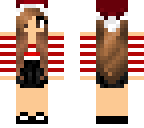 with santa hat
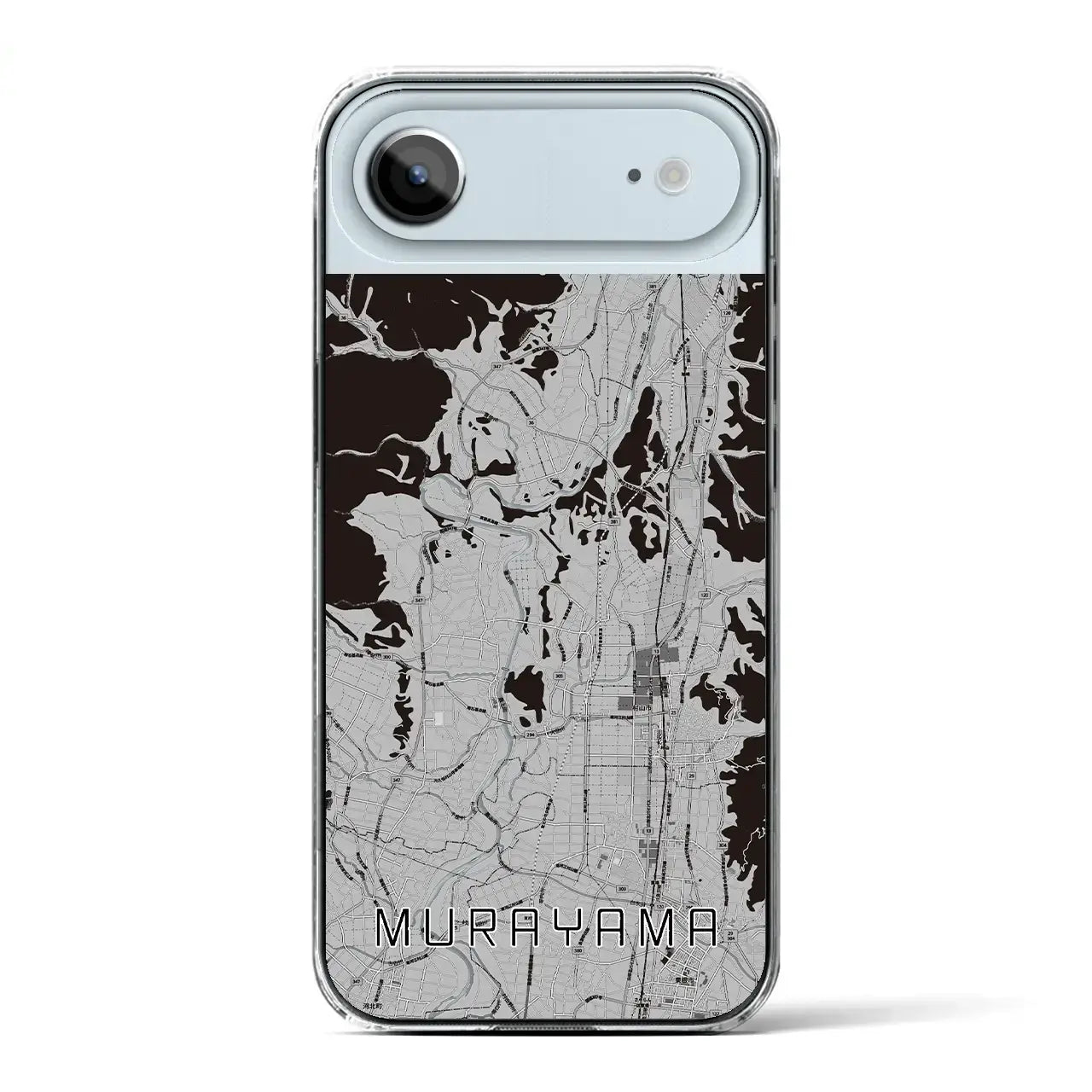 【村山(山形県)】地図柄iPhoneケース(クリアタイプ)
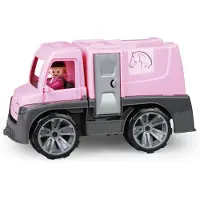 Lena TRUXX Pferdetransporter, LKW, Horse carriage, 2 Jahr(e), Kunststoff, Schwarz, Grau, Pink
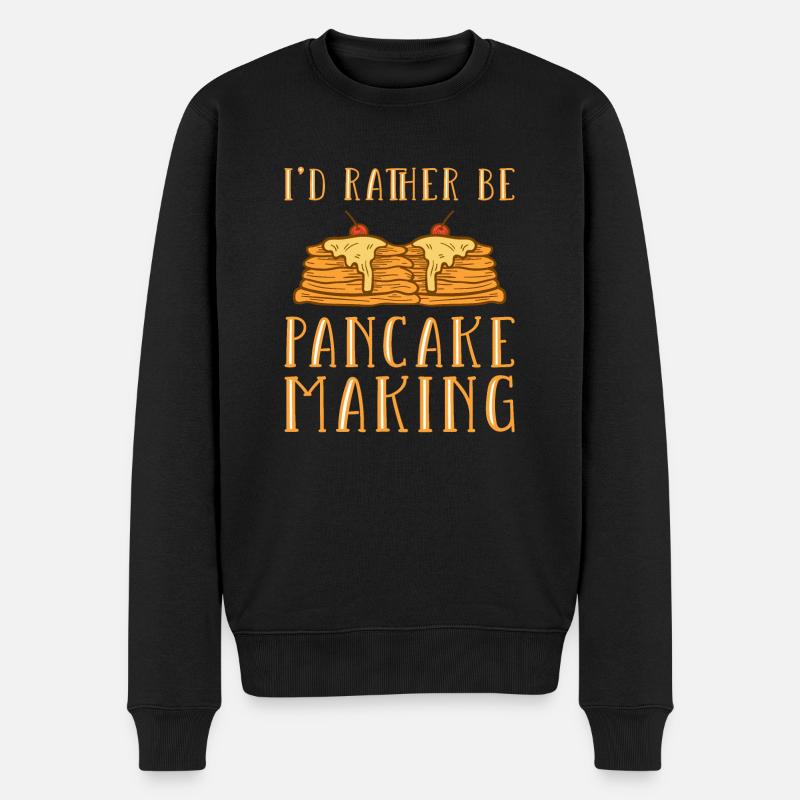 Pfannkuchen - Männer Premium Bio Pullover - Schwarz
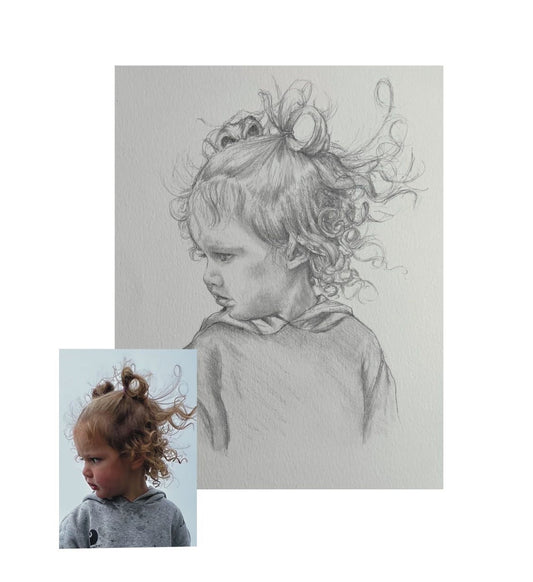 ✏️ Custom Pencil Memorial Portraits – 25% Off for the Holidays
-*-
From the line holding "Pfannkuchen - Männer" down to the final line of the entries above, print every line exactly. Pictures do not go in.

 Pfannkuchen - Männer Premium Bio Pullover - Schwarz
 ✏️ Custom Pencil Memorial Portraits – 25% Off for the Holidays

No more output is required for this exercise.